Era muy joven entonces. Amalia Domingo Soler (1835-1909) no tenía ni idea de que los muertos hablaran. El presbítero don Antonio Mazzini le entregó en Cádiz un mensaje que había llegado para ella en una sesión espiritista. Le anunciaba que ella era «una mensajera del progreso» y algo que la alarmó mucho más:
«Por esta vez estarás libre del yugo marital. Tiende sola tu vuelo, que a la sombra de tus alas un día reposarán los afligidos».
La profecía de no encontrar marido azaró a Amalia. Habían muerto sus padres; solo tenía parientes ingratos a los que estorbaba su presencia. Nadie le enseñó un oficio ni le dejaron estudiar una carrera porque sus ojos veían muy mal.
«Yo no le concedía entonces a la mujer vida propia. Para mí, el hombre era el árbitro de los destinos, y sin él, la mujer estaba condenada al ridículo, a ser un juguete en la sociedad, así que tender mis alas y dar sombra a los afligidos era un jeroglífico».
Hasta que Amalia Domingo Soler empezó el estudio del Espiritismo y perdió el interés en casarse.
Difundía los escritos de Allan Kardec, el filósofo que hizo del Espiritismo la doctrina que seguían muchos de los grandes intelectuales europeos de finales del XIX y principios del XX. Escribía en revistas, daba conferencias y en 1879 fundó y empezó a dirigir la publicación que quedaría como referencia espiritista: La luz del porvenir.

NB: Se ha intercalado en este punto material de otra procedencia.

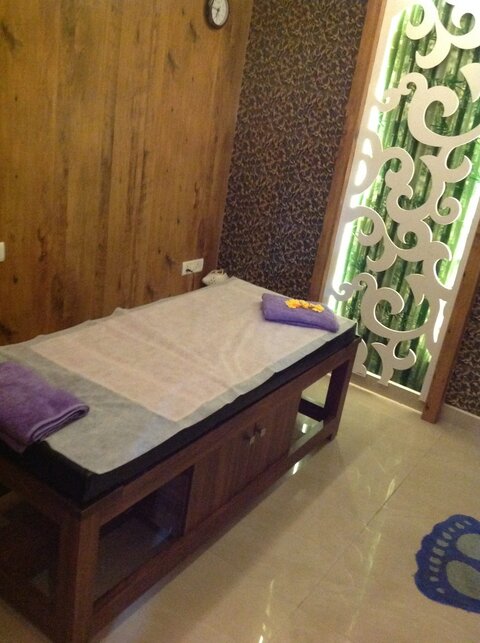 Shaakya body spa Clearance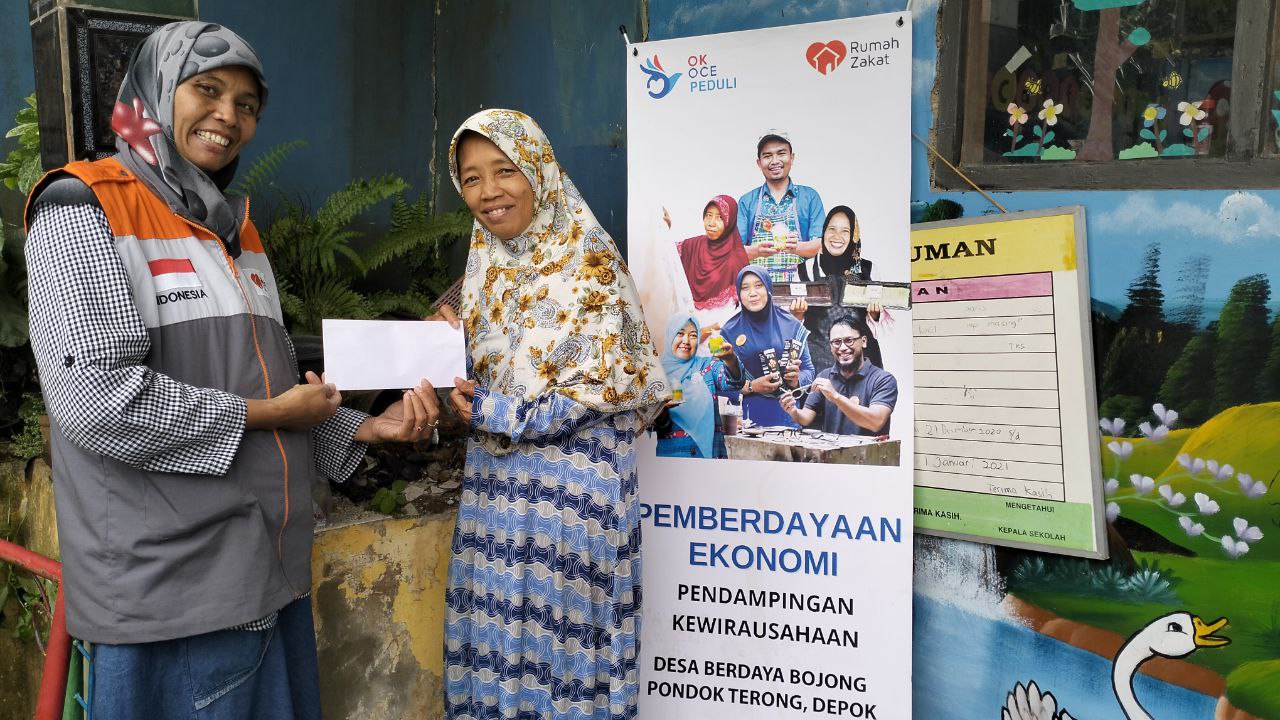 Ok Oce Bersama Rumah Zakat Salurkan Bantuan Modal Untuk Support Umkm Rumah Zakat 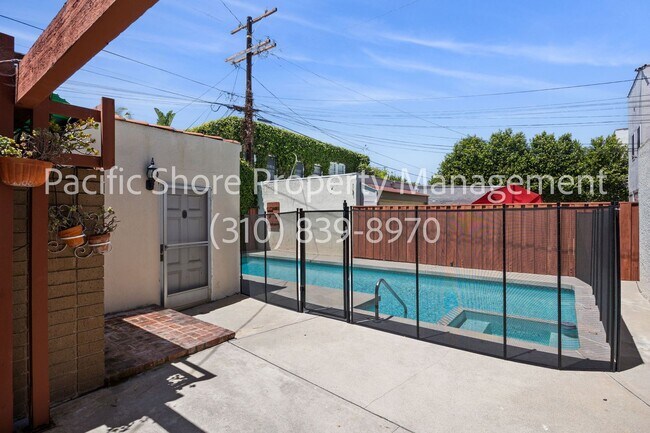 Building Photo - 107 N Mansfield Ave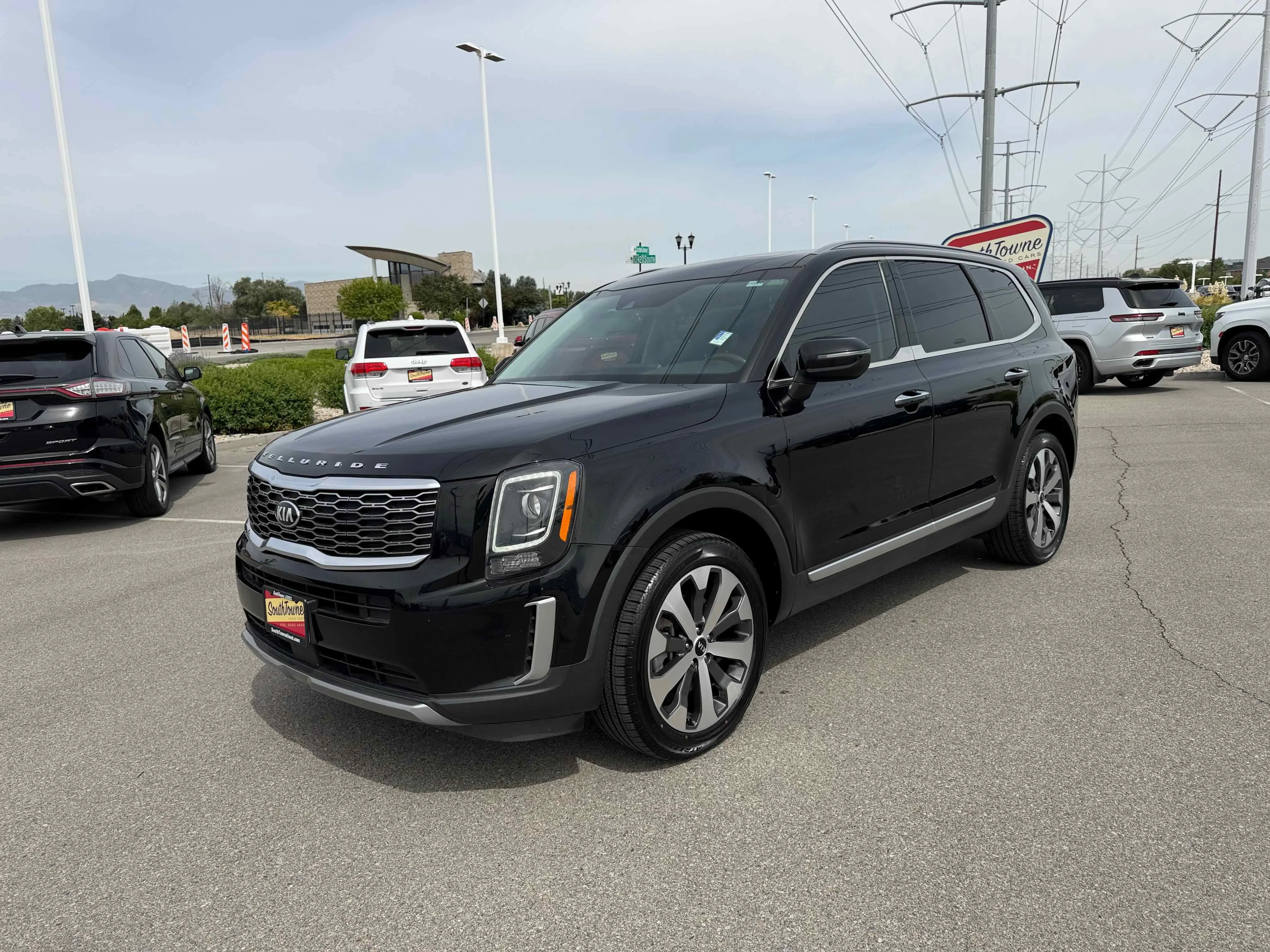 Used 2021 Ebony Black Kia S image 12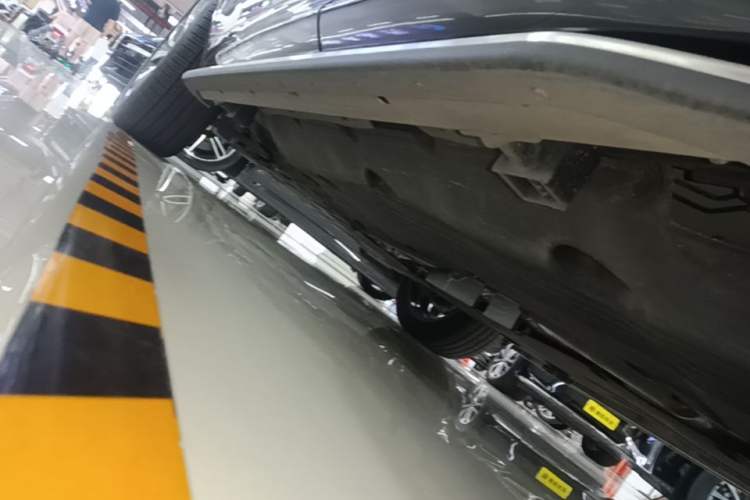 Used Land Rover Discovery Sport 2022 Revised Version 249 PS R-Dynamic S Performance Edition 5 Seats Left Side Sill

La Iglesia Católica rabiaba. No soportaba que le quitaran el control de las comunicaciones entre el mundo invisible y el terrenal. Saltarse a sus teleoperadores (los curas), hacía irrelevante a la institución. ¡Entraron en furia! ¡Atacaron a los espiritistas! ¡Pidieron la suspensión de sus publicaciones! Pero lo único que consiguió aquel fuego fue dar más luz a la doctrina que Amalia, la voz española más respetada de los espiritistas, describía así:
«El Espiritismo ha venido a llenar un gran vacío en el siglo XIX, cuando el indiferentismo amenazaba con invadir a las masas, cuando el ateísmo se acurrucaba dentro de los gabinetes de física y química. Ha venido una preciosa flor, que con su prenetrante aroma da esperanza al triste, regeneración al desgraciado, fuerzas al débil y voluntad al fuerte para seguir con su glorioso paso las escabrosidades del camino de la vida».